Part 13 (1/2)
”I thought you trusted me as I trusted you,” was the only answer Mr.
Somerled condescended to make.
Suddenly I saw myself a selfish pig. ”I do trust you,” I insisted. ”But I _ought_ to want to go back of my own accord, rather than let you give up--things--for me. I'm nothing to you----”
”You're Mrs. Ballantree MacDonald's daughter, and--er--a fellow-being.”
”If it comes to that, I suppose a worm's a fellow-being. But this worm has turned, and would as soon cross the path of a perfectly ravenous early bird as go to its grandmother. So I won't do that, even for your sake, though you've been so kind; but I wish you'd drop me at the station where you found me, and let me travel to Edinburgh by train. I can wait there for mother----”
”Nonsense!” he broke in; a word he seems devoted to, as he has already used it several times to pound down some suggestion of mine as if he were breaking it with a hammer. He has the air of a man used to getting his own way with the world, anyhow with women, and I can't think it good for him; though Mrs. West's one idea apparently is to do what will please him, not fussily, but gently and sweetly; so that must be what men like. I should pity him if he lived with Grandma! I suppose it is my living with her for so long which makes me feel like going against strong, dictatorial people, just to see what they will do. With him, that plan would be exciting. It is ungrateful of me, but I long to contradict him about something, it doesn't matter what, and try my naughty little strength against his, like a headstrong, conceited mouse pitting itself against a lion.
I had no inclination to contradict or fight with Mr. Norman. But he has pathetic, wistful eyes, asking for kindness, whereas Mr. Somerled's look bored with things, as if he needed waking up.

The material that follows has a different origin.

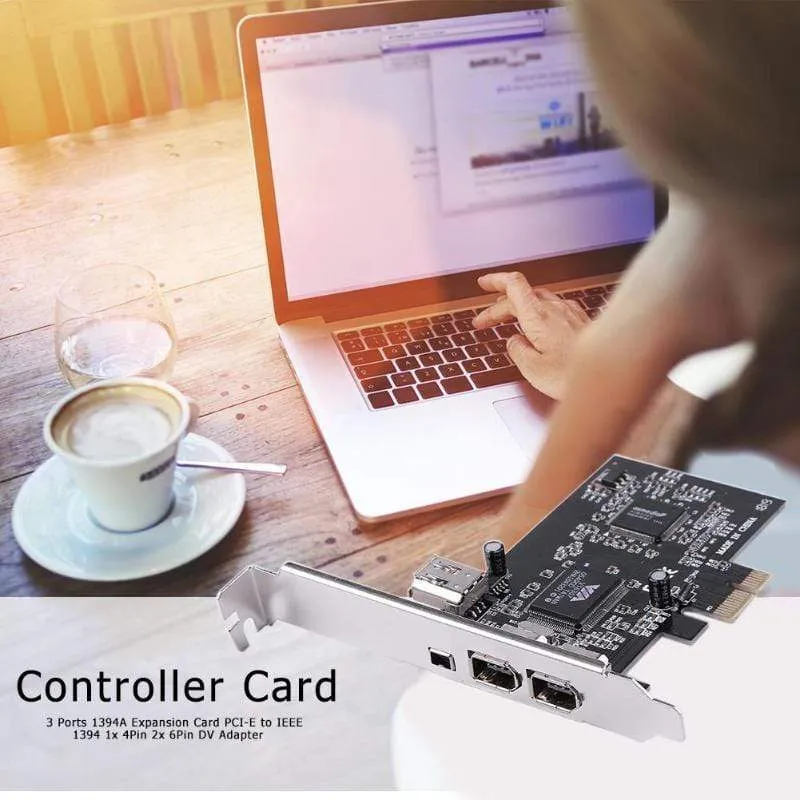 3 externe Ports Karte 1394A 2.5 GB Erweiterungskarte PCI-E zu IEEE 1394 1x 4Pin 2x 6Pin DV Adapter
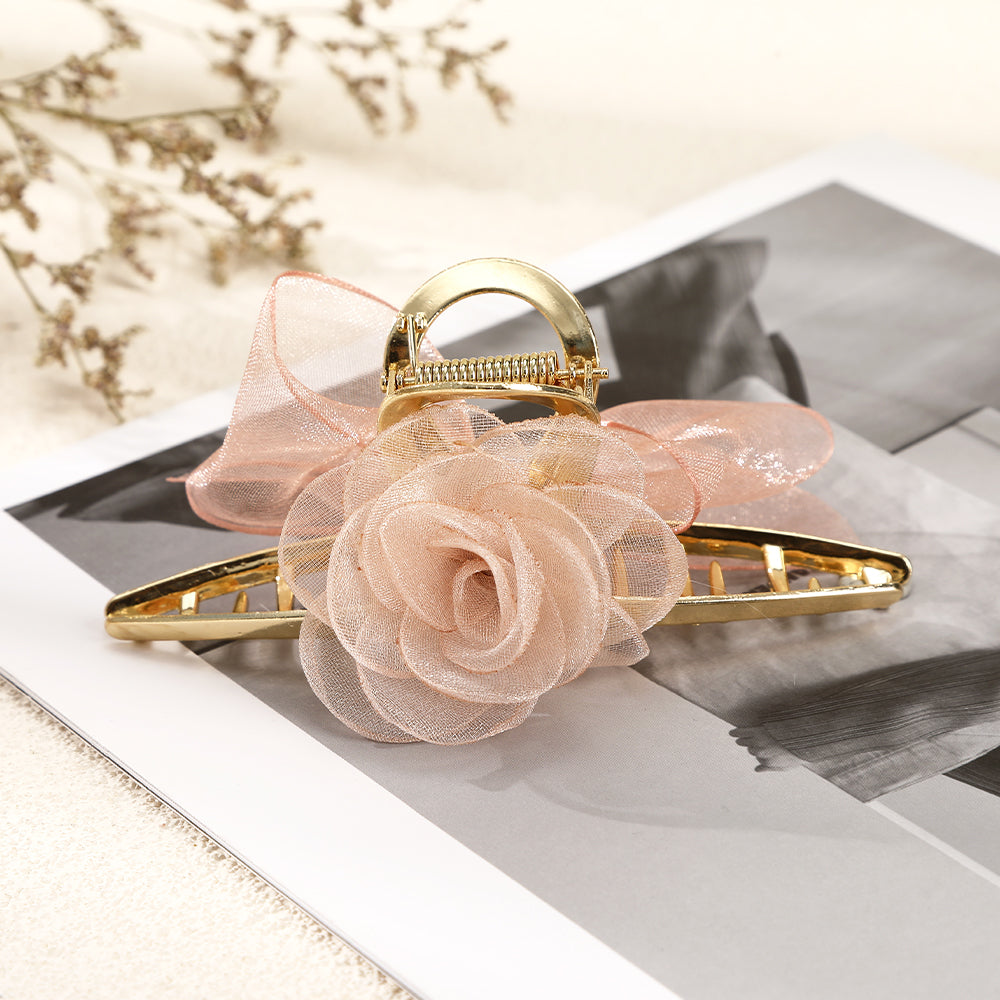 【Awaytr】CB1076 Alloy Mesh Rose Hair Claw Clip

I thought these thoughts while he went on to remind me more gently, that he'd promised to motor me to Edinburgh, and that he had quite a strong weakness for not breaking promises.
”But I give you back this one unbroken, not even cracked,” said I. ”So that's different.”
”I don't choose to take it back,” said he. ”You'll humiliate me if you refuse to go to Edinburgh in my car--with a competent chaperon, of course.”
”A chaperon! My gracious!” I couldn't help laughing. ”Aren't you chaperon enough--a great big, grown-up man?”
”I suppose you think me very old,” said he; ”and so I am, compared to you; but I'm afraid--no, I'm _not_ afraid--to tell you the truth, I'm extremely glad that I haven't come yet to the chaperon age.”
”What is the chaperon age for a man?” I inquired.
”Seventy.”
”And you won't be that for a long time,” I added dreamily, wondering how old he really was.
For an instant his eyes waked up thoroughly, and he looked as if he were in a fury; then he burst out laughing. But his brown face was rather red when he asked if I would mind mentioning my honest impression of his age.
I thought a minute, and then said that perhaps he might be--well, nearly thirty. He laughed again, and seemed relieved, but wanted to know if thirty struck me as old or young. I didn't know what to answer, not to be impolite, so I said presently that I had always thought of thirty as being the year when you were not middle-aged yet, though anything that happened to you _after_ your thirtieth birthday couldn't matter.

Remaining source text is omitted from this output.